+++ DATA TO EXAMINE

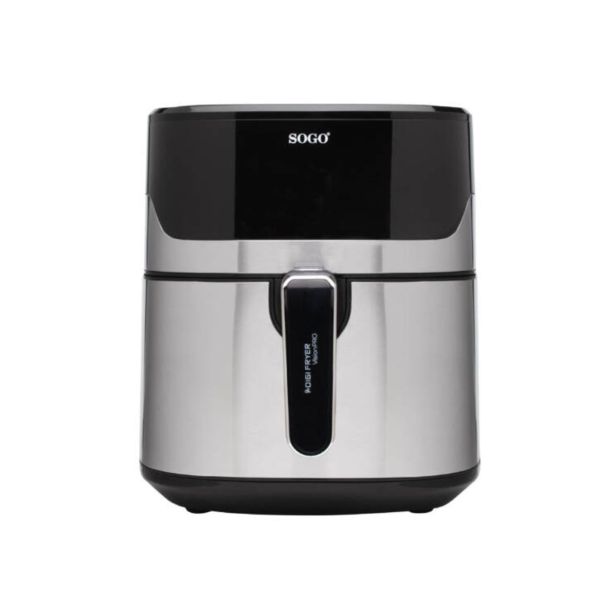 CVRTNIK NA VROČI ZRAK SOGO FRE-SS-10885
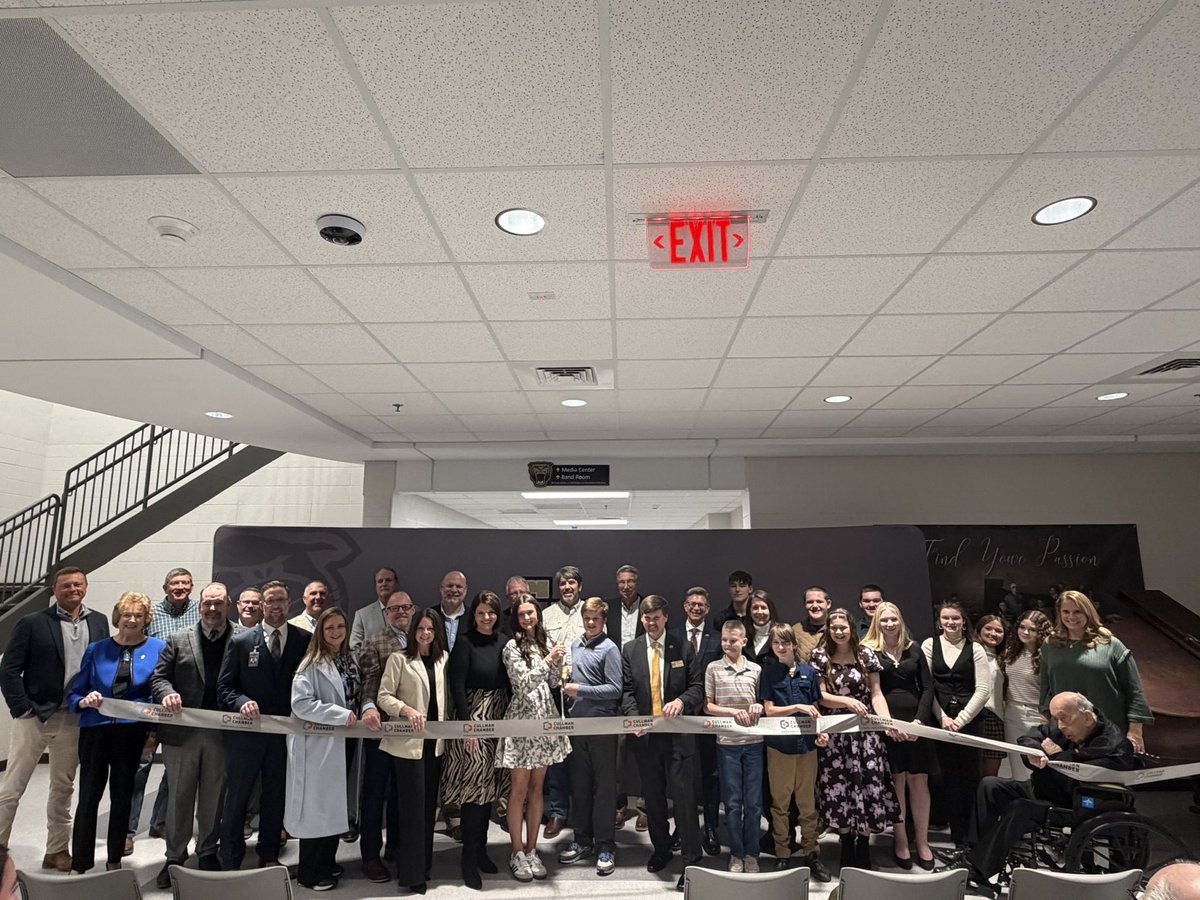 Eric Mackey tweet media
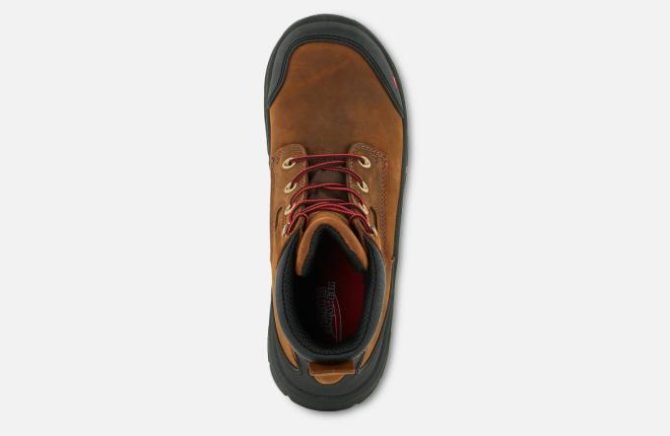 Red Wing Shoes Work Boots | King Toe® ADC – Work - Image 4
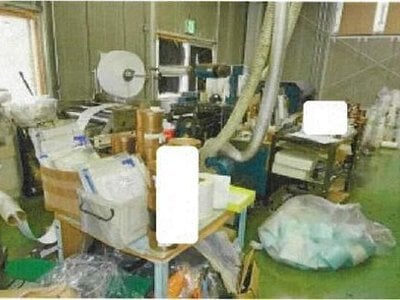 愛媛県四国中央市 川之江駅9分 戸建て 2,954万円の競売物件 #31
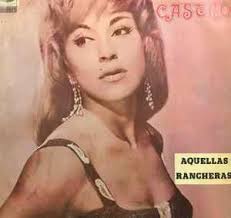 Magdalena Castro Discography: Vinyl, CDs, & More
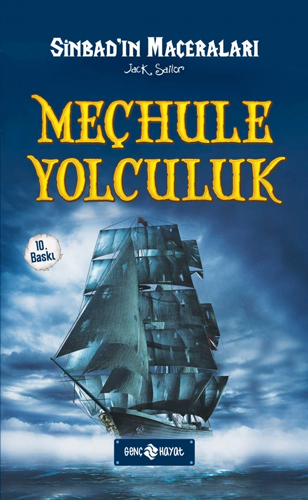 Sinbad - Meçhule Yolculuk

++++++

» EXERCISE GOAL:
Give again the lines from the line that contains "Red Wing Shoes" through the last line of the material above, exactly and with both ends included. Omit the pictures.

» WRITTEN RESPONSE:
 Red Wing Shoes Work Boots | King Toe® ADC – Work - Image 4
 愛媛県四国中央市 川之江駅9分 戸建て 2,954万円の競売物件 #31
 Magdalena Castro Discography: Vinyl, CDs, & More
 Sinbad - Meçhule Yolculuk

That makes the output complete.